→ Prompt: Everything from the line with "Car Sun Shade" to the line with "Bird Cage Extra" in the listing below, both lines included, needs to be copied exactly, apart from the pictures.

→ Data for the task:
:::::
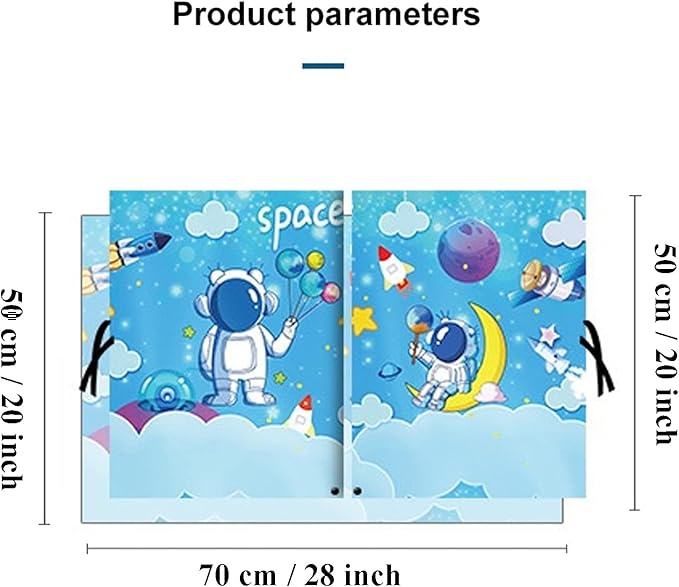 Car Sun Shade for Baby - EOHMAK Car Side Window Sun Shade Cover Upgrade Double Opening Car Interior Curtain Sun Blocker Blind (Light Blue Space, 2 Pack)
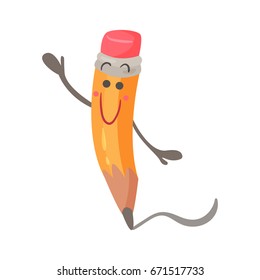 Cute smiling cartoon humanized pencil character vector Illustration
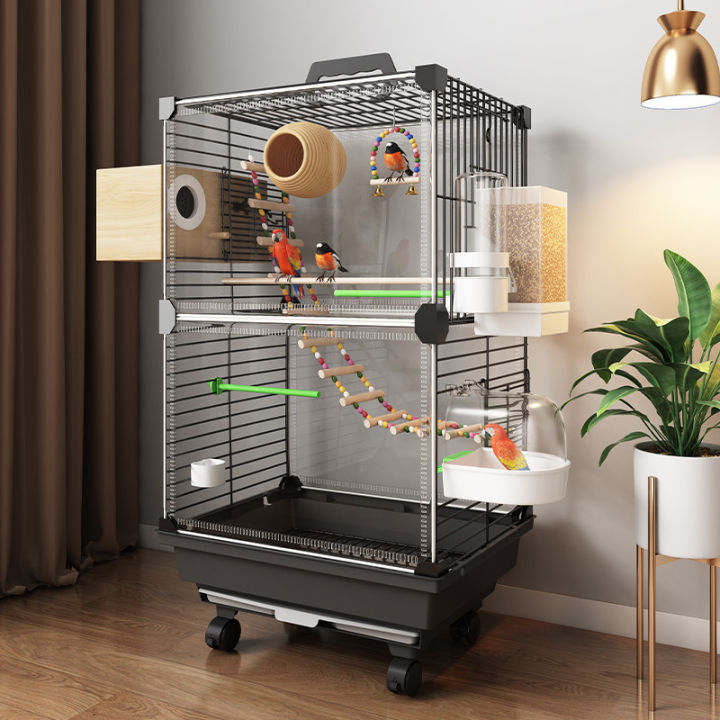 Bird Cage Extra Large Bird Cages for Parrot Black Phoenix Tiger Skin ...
:::::
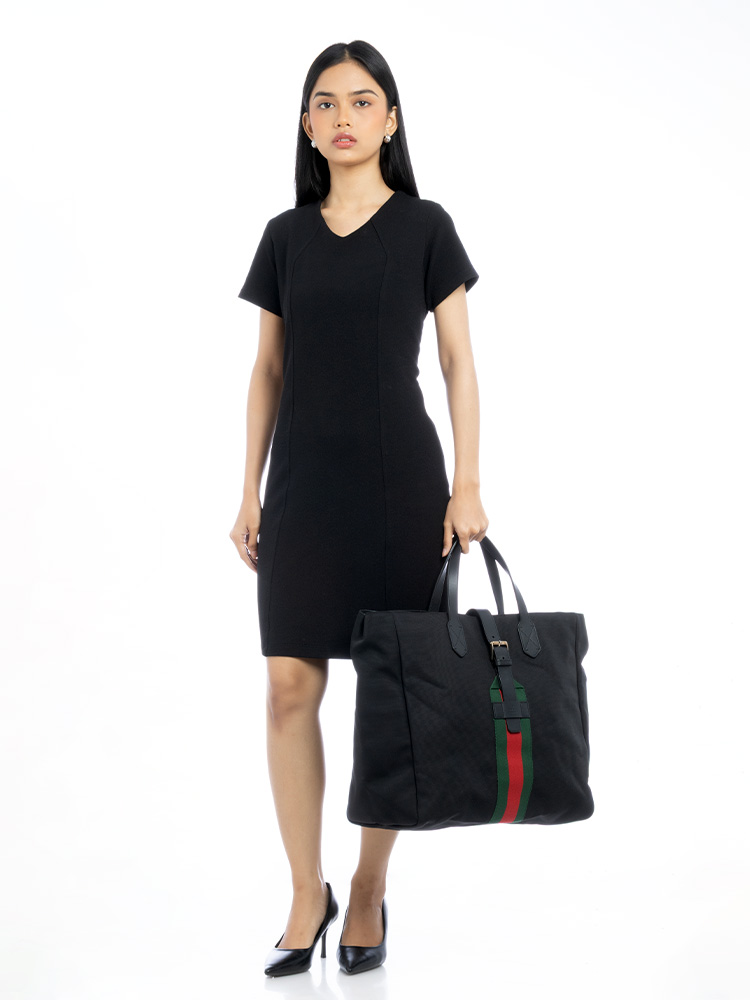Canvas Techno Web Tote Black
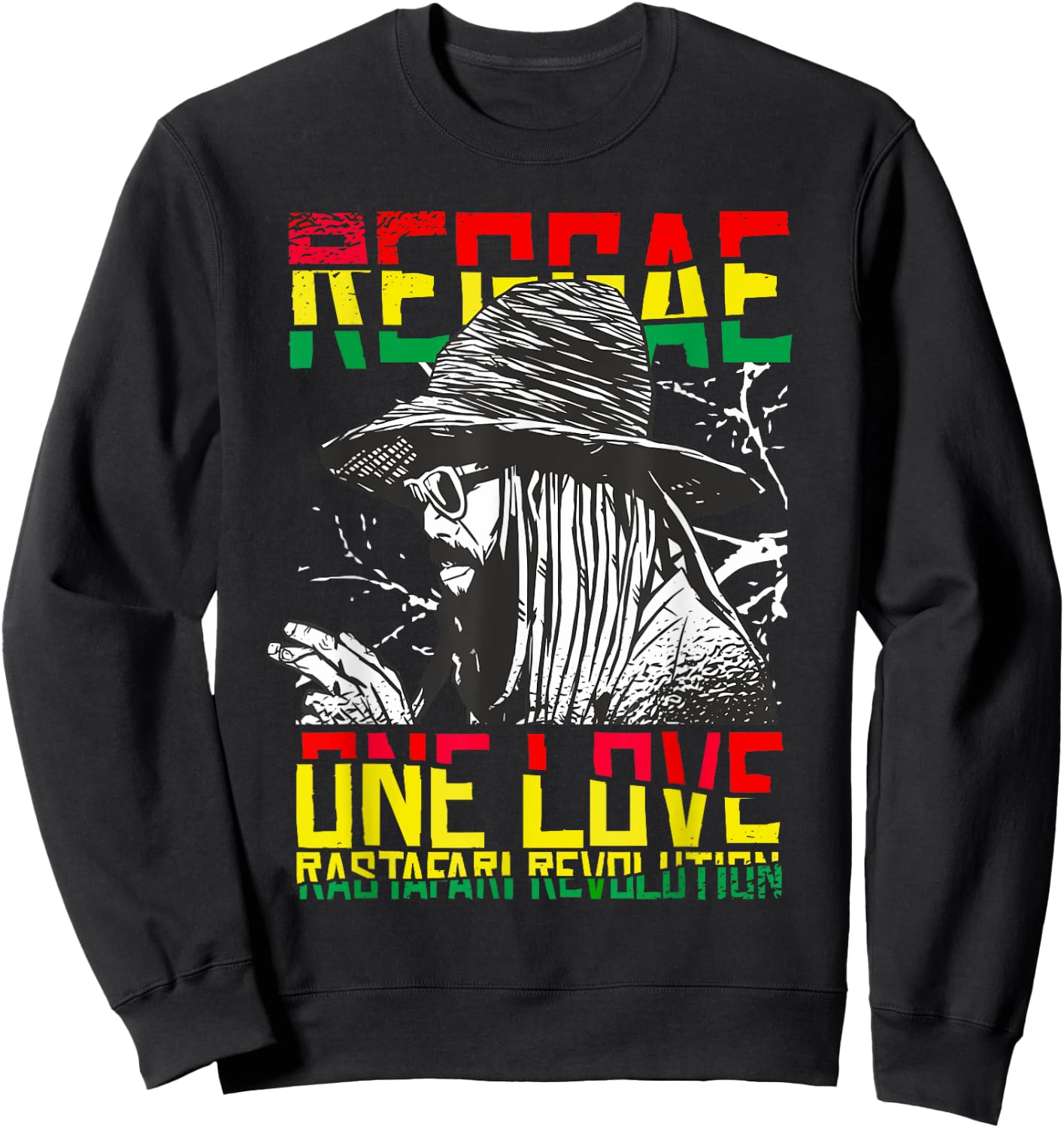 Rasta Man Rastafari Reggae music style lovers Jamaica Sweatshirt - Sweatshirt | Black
:::::
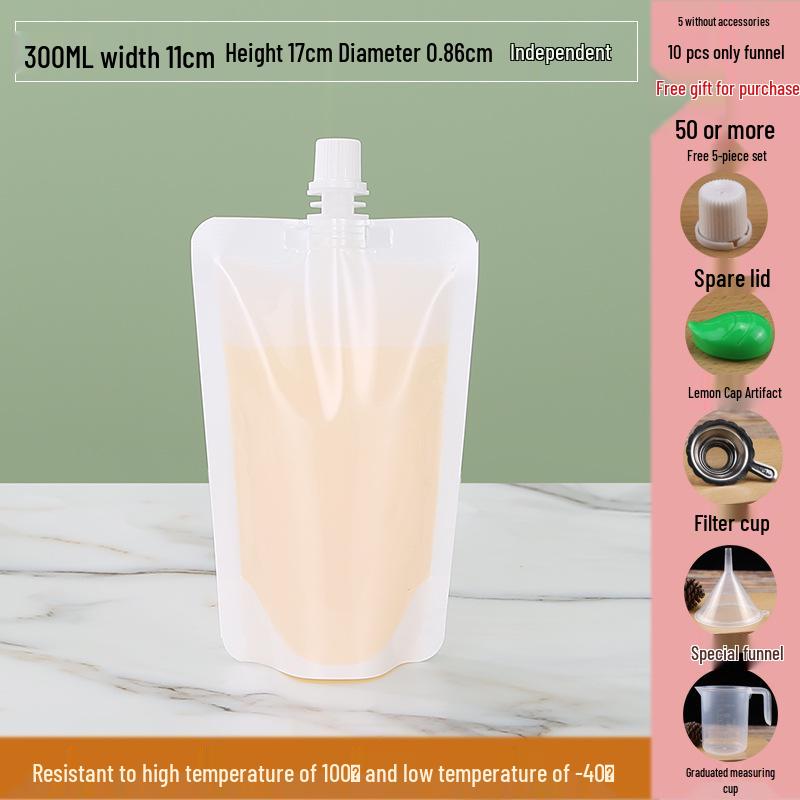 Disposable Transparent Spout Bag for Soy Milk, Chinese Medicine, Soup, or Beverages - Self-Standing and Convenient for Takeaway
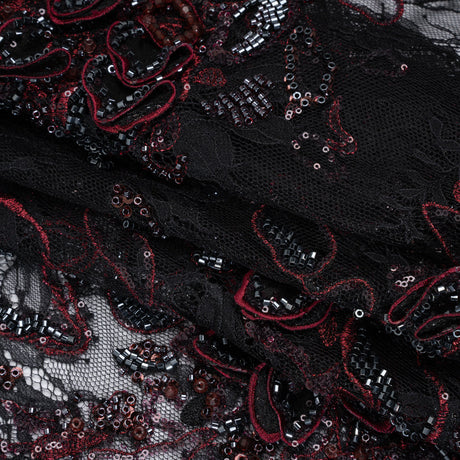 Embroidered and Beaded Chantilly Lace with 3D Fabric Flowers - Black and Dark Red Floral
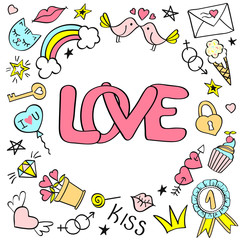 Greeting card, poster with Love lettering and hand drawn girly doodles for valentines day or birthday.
:::::
→ Result for this exercise:
 Car Sun Shade for Baby - EOHMAK Car Side Window Sun Shade Cover Upgrade Double Opening Car Interior Curtain Sun Blocker Blind (Light Blue Space, 2 Pack)
 Cute smiling cartoon humanized pencil character vector Illustration
 Bird Cage Extra Large Bird Cages for Parrot Black Phoenix Tiger Skin ...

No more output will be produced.